* Description of the task:
Retype word for word the line containing "batt baterai battery" and each line that follows it in the records below, through the last one, with no pictures.

* Extracted entries:
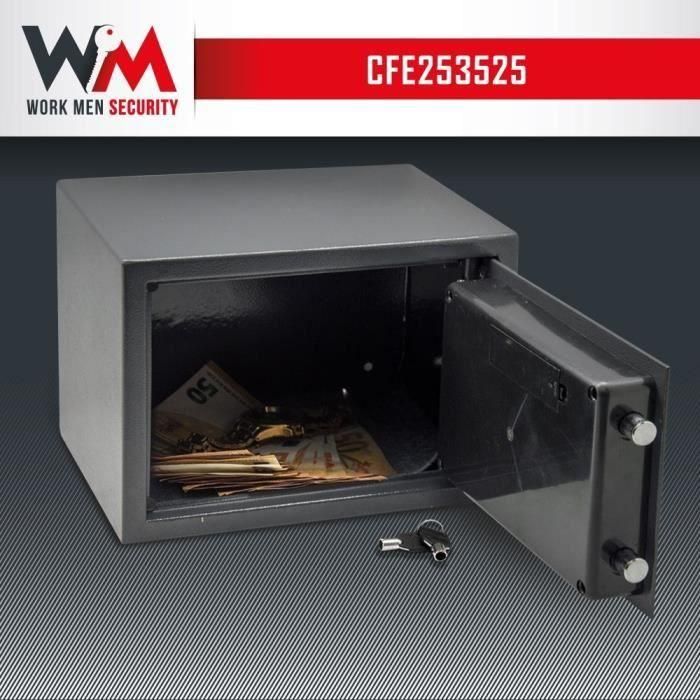 SEGURIDAD LABORAL Caja fuerte electrónica con código 16L 25x35x25 cm 1 SEGURIDAD LABORAL Caja fuerte electrónica con código 16L 25x35x25 cm 1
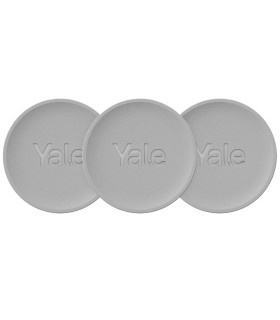 YALE-DOT-S - Yale Dot NFC Plateado Pack de 3 Unidades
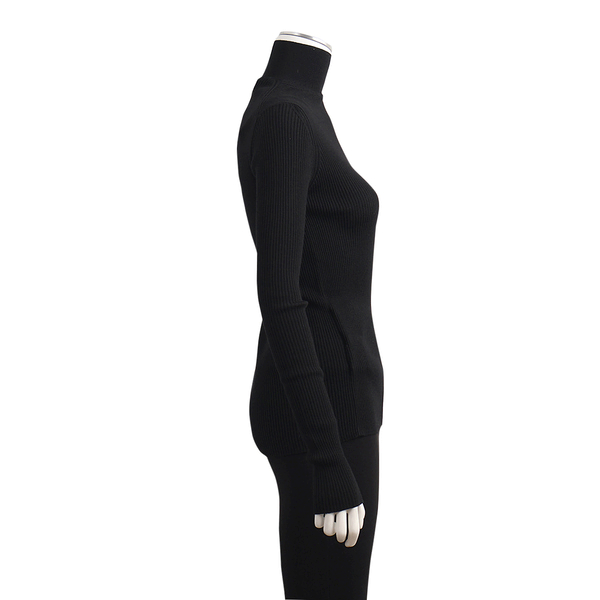 Wool Turtleneck Black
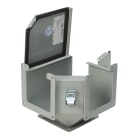 NVENT HOFFMAN - HOFF88LE9AC Gomito a 90 gradi con apertura superiore esterna, 8,00x8,00, grigio, acciaio
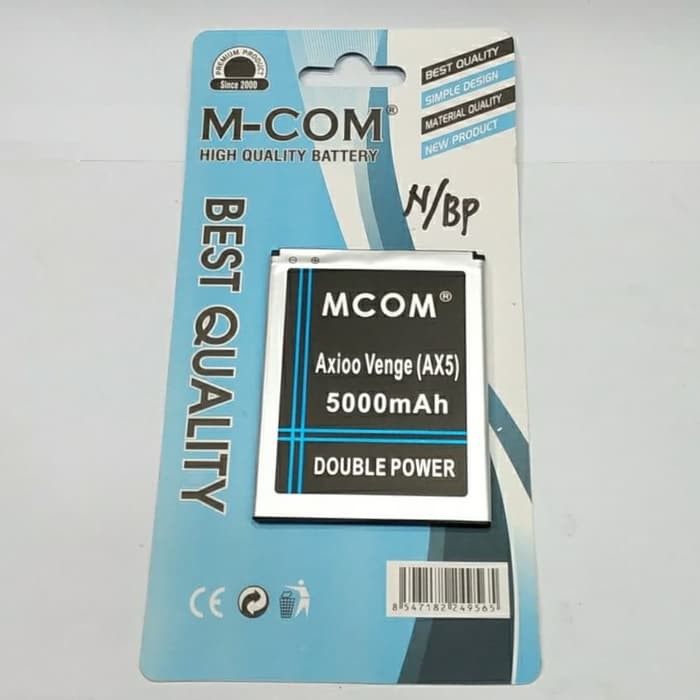 batt baterai battery batle axioo venge ax5 double power Mcom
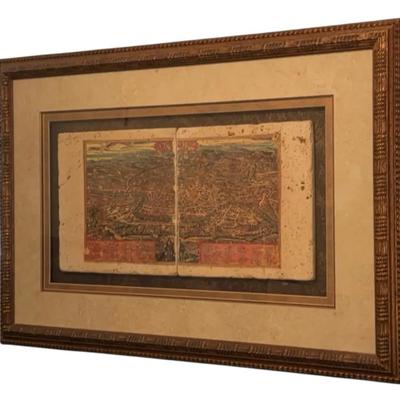 Ancient Rome historical map/artwork in decorative frame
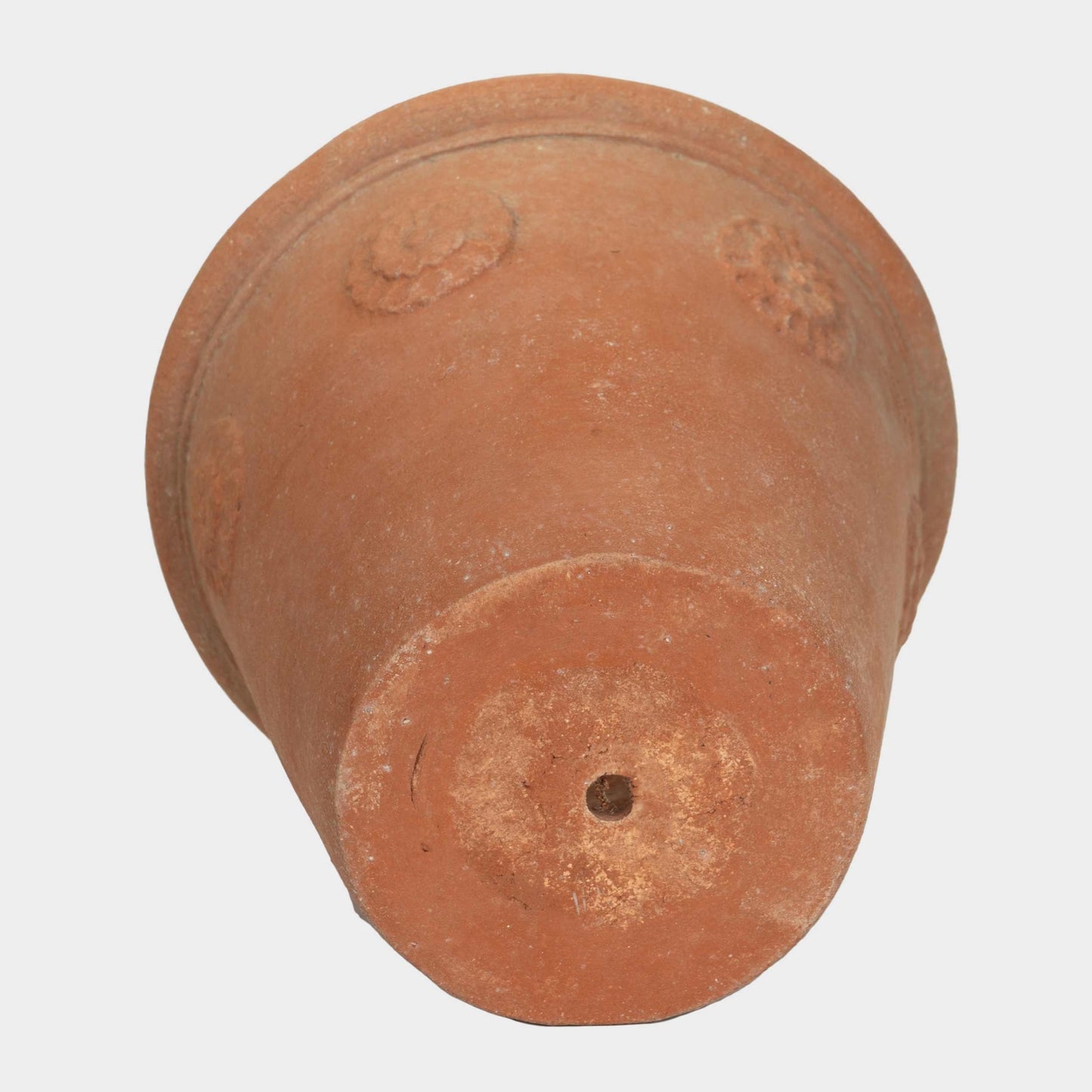 Italian Terra Cotta Pots with Floral Motif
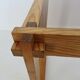 Scandinavian bedside table or side table in pine and smoked glass, 1980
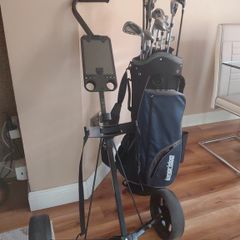 Golf Clubs and Trolley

* Reply to the exercise:
 batt baterai battery batle axioo venge ax5 double power Mcom
 Ancient Rome historical map/artwork in decorative frame
 Italian Terra Cotta Pots with Floral Motif
 Scandinavian bedside table or side table in pine and smoked glass, 1980
 Golf Clubs and Trolley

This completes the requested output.